Today we call this industry that of the SBA Loan Service Providers or LSP. They come in all skill sets. Some just do SBA loan packaging. Others focus on SBA credit analysis, etc. There are a few that are what we might call “full service”, proclaiming that they have the expertise to be your entire SBA back office. While it would serve the SBA lending community for the SBA to classify LSPs as “certified” according to their skills and abilities, it will be incumbent upon you to check them out. Significant due diligence is required. Many will say they are full service. However, there are just a few nationwide that this author would recognize and agree as having the full service skill sets required to fully protect the SBA guaranty.SBA government guaranteed

The SBA has set up a policy in the SOP 50-105 (f) that regulates the fees that the LSPs can charge and there are caps. But, LSPs have been very creative as to how to get around this SOP policy and charge for “add on services”. Any LSP agreement must be sent to the SBA for approval by the bank and not the LSP.

Why has there been a rise in the number of and use of LSPs nationwide? The simple answers are, 1) the cost of hiring experienced SBA lending staff that know their job well enough to meet SBA compliance and protect the SBA guaranty, and 2) the lack of available SBA lending talent.

When the recession hit in October of 2008, I started receiving hundreds of resumes of SBA lenders who had lost their jobs. This continued throughout 2009. Many of these people had no choice but to move on to other careers, most often outside of banking. Significant hiring did not occur again until the second half of 2011. During the good lending years, the SBA industry has been good about bringing in new and younger people and training them. But during this recession, the industry simply did not replenish the pool. So, not only did we lose good people, but we did not replenish.

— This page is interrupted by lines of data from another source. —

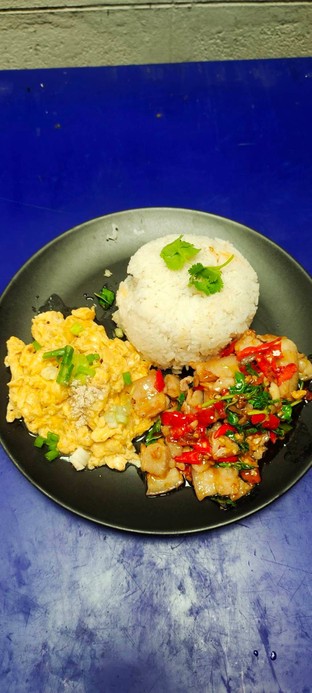 ข้าวกระเพราเบคอน.ไข่ข้น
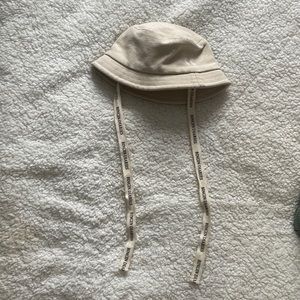 Knit bucket hat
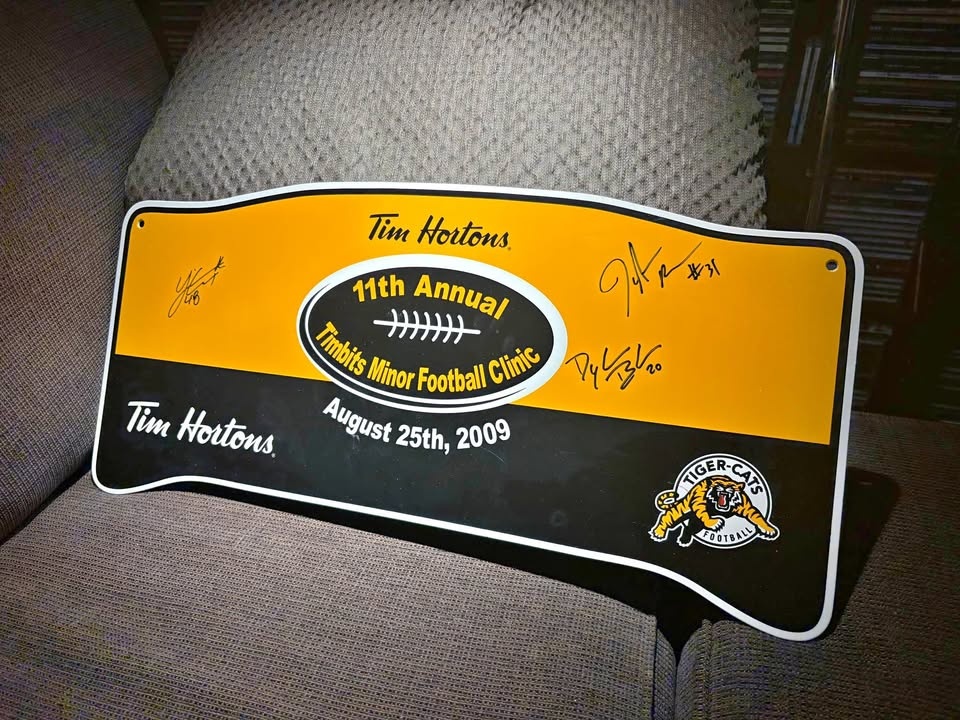 Hamilton Tiger-Cats 2009 SIGNED Tim Hortons Clinic Street Sign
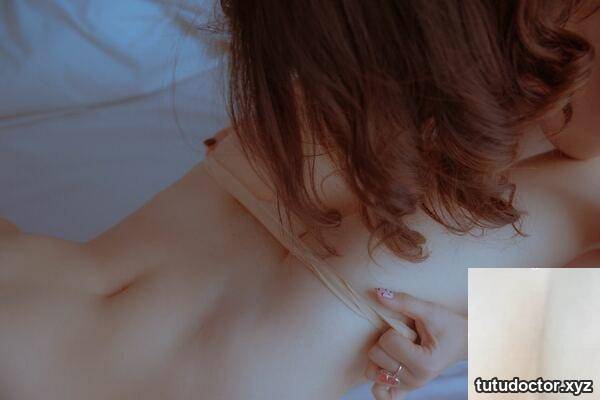Two Chinese models took off their clothes and lay on the bed · photo 60 of 81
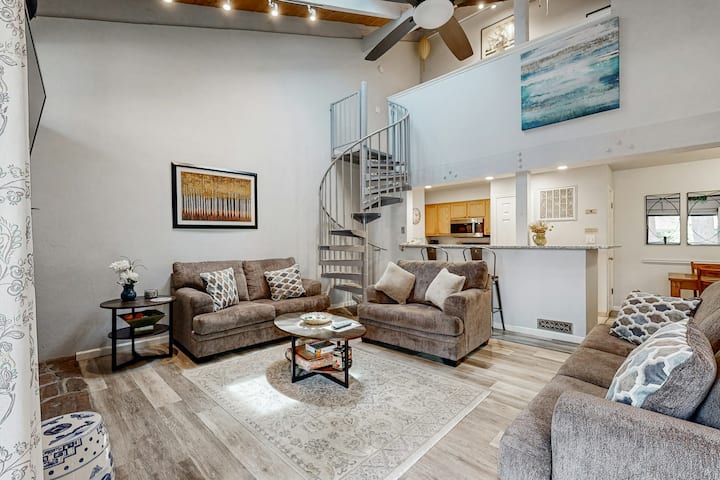 1br & Loft At Lakeland Village With Pools, Hot Tub - Lago Tahoe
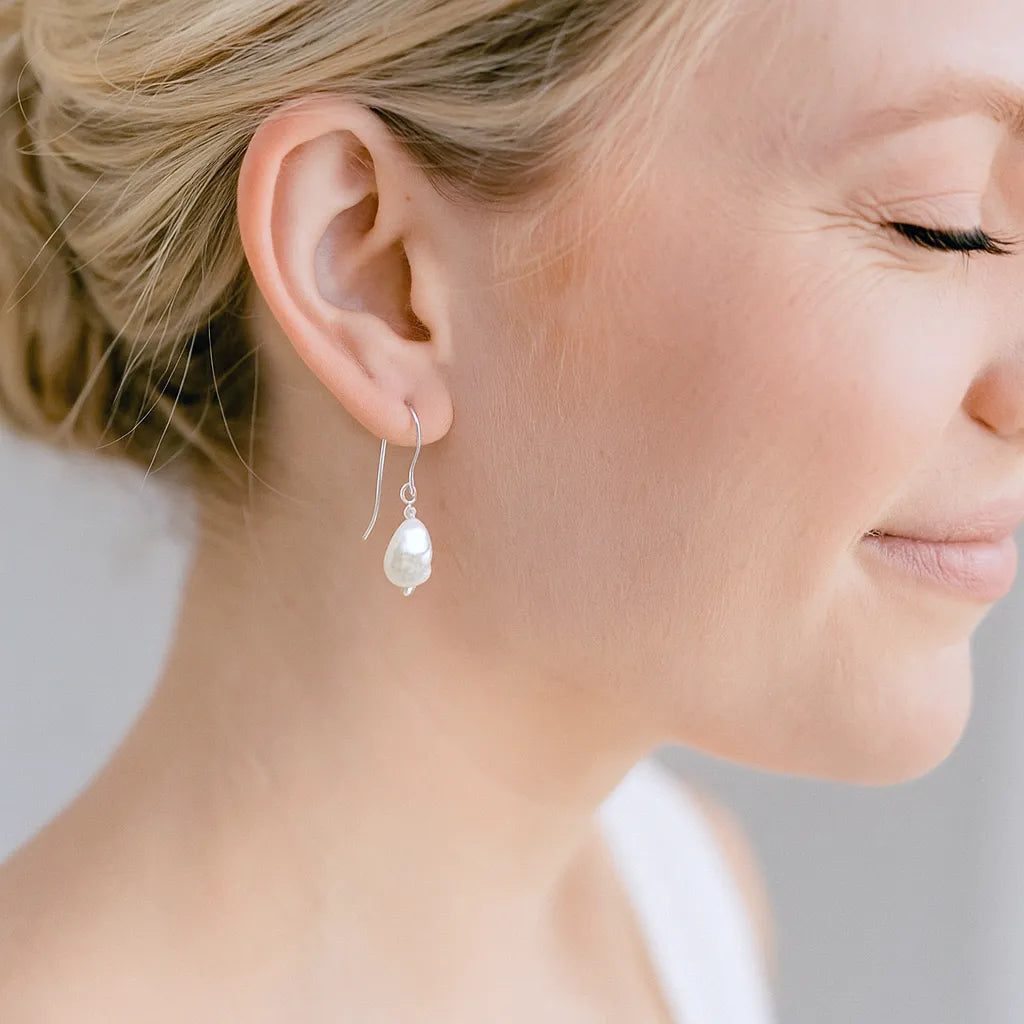 Clair de Rêve Baroque Fresh Water Hook Pearl Earrings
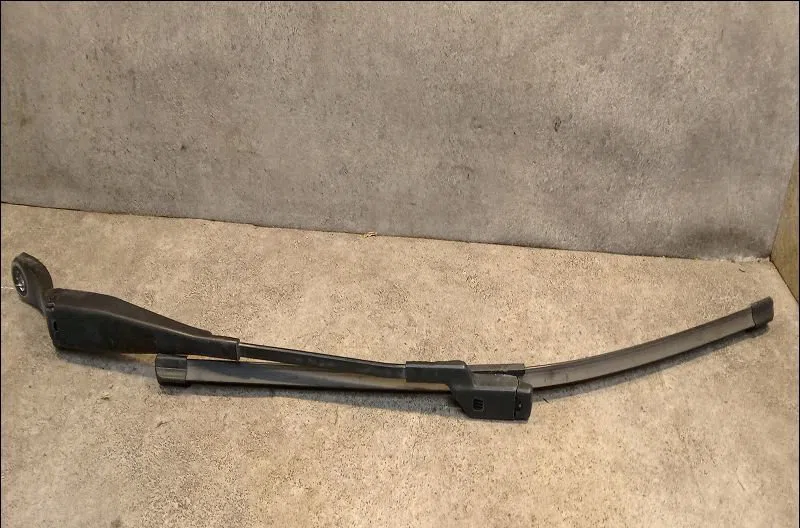 Bras essuie-glace avant gauche Renault TWINGO II (CN0_) 1.5 dci (cn0e) (2007-2014) 3 portes occasion
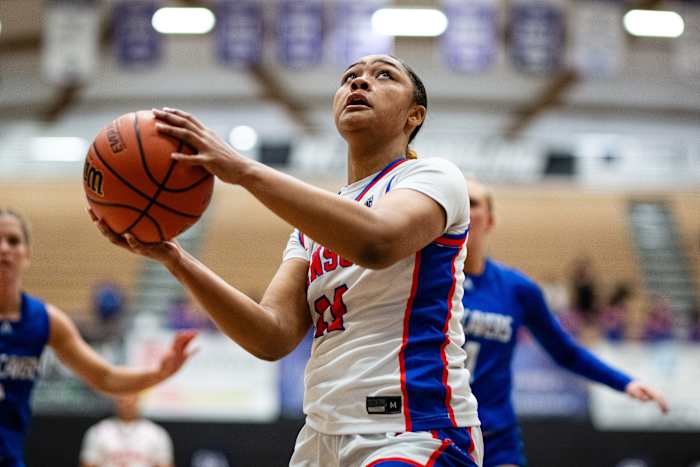 Benson Grants Pass 6A Oregon girls basketball quarterfinal 2024 Naji Saker -28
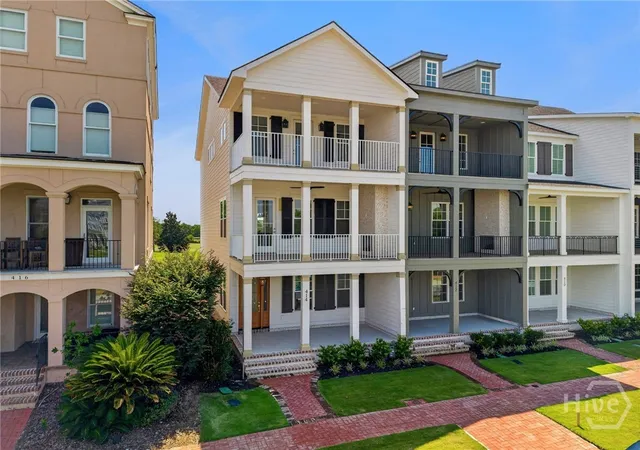 Photo 2 of Single family home for sale at 414 Legends Ct, Savannah, GA 31401 | MLS# SA354774 | Listing updated on 2026-08-28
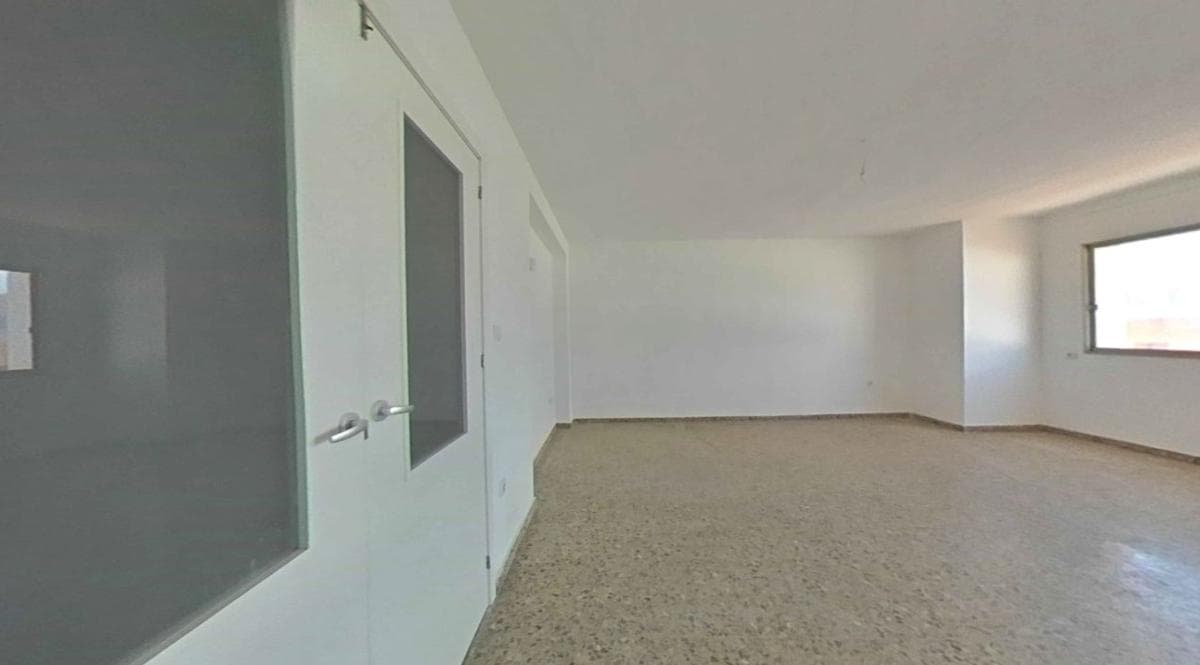 Venta de piso en Piso en Calle Sancho Medina, 24, El Carril - Paseo de Chapi, Villena, Villena
photo 5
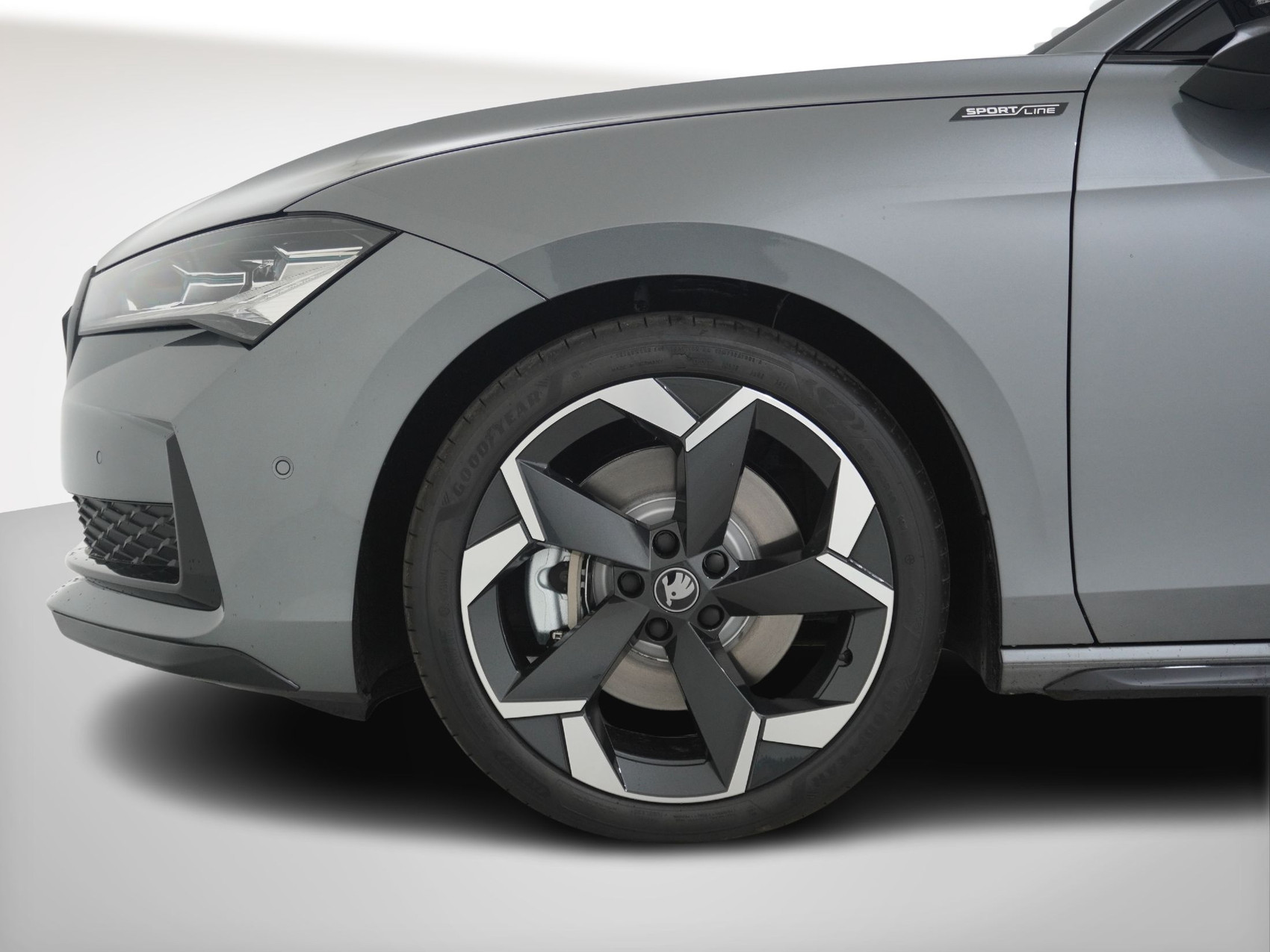 SKODA Superb 2.0 TDI Sportline 4×4 DSG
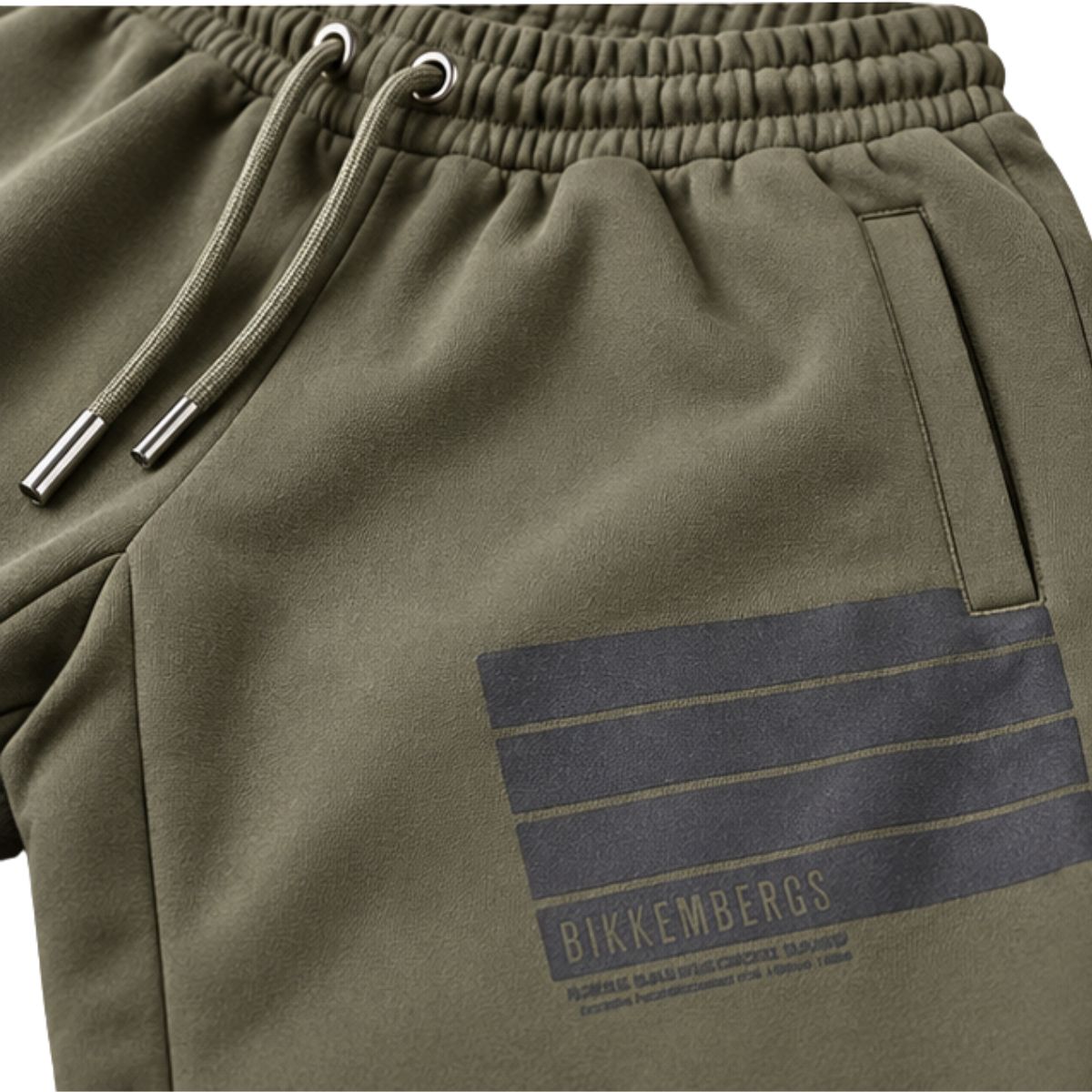 Tuta Uomo BMF2046 Bikkembergs con Cappuccio e Zip – Verde Militare - immagine 4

Once hiring began again, all lenders were focused on new loan growth. If the hiring manager were able to add to their team, it would have to be a seasoned professional who could “hit the ground running!” Some of the people who lost their jobs were able to come back into the industry. But, demand has outpaced supply and we have seen a major increase in compensation for these seasoned professionals. Starting an SBA department today, with a comprehensive backroom capable of doing in excess of $20 million in loan production, will cost the bank in excess of $600,000 start up first year including software, etc.

With the significant rise in secondary market premiums, along with flush banks that need loan growth, the SBA lending program has gained significant popularity unseen since the mid 90’s. Increases in SBA compliance have also risen to greater degree. The fear of losing the SBA guaranty is real. The mandate from the SBA is to do it right or do not do it at all.

How does a bank that wants to start an SBA program get started without the high cost of staffing, software and insuring compliance? Enter the rise of Loan Service Providers.

In the next part of this series I will discuss the people behind the LSPs. Who are they? Where did they come from and gain their SBA expertise? How do you complete due diligence on these support companies? And, most importantly, what are the pros and cons of using LSPs?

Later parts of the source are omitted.